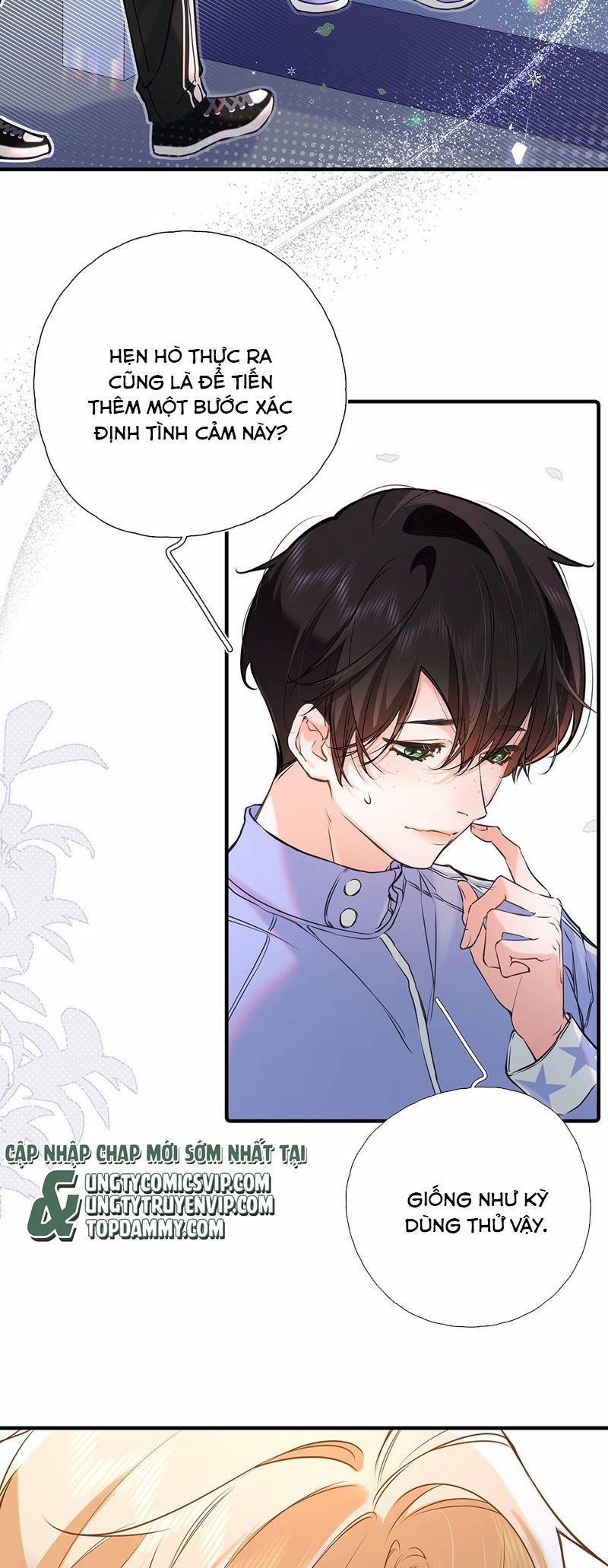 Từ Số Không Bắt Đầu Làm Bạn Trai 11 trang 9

--

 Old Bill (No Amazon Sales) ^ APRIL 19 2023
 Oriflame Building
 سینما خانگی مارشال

## Problem to solve:
Look above for the line with "Old Bill (No Amazon Sales) ^ APRIL 19 2023" and the line with "سینما خانگی مارشال", and reproduce exactly those two lines plus every line between, nothing more.

## Reply:
 Old Bill (No Amazon Sales) ^ APRIL 19 2023
 Oriflame Building
 سینما خانگی مارشال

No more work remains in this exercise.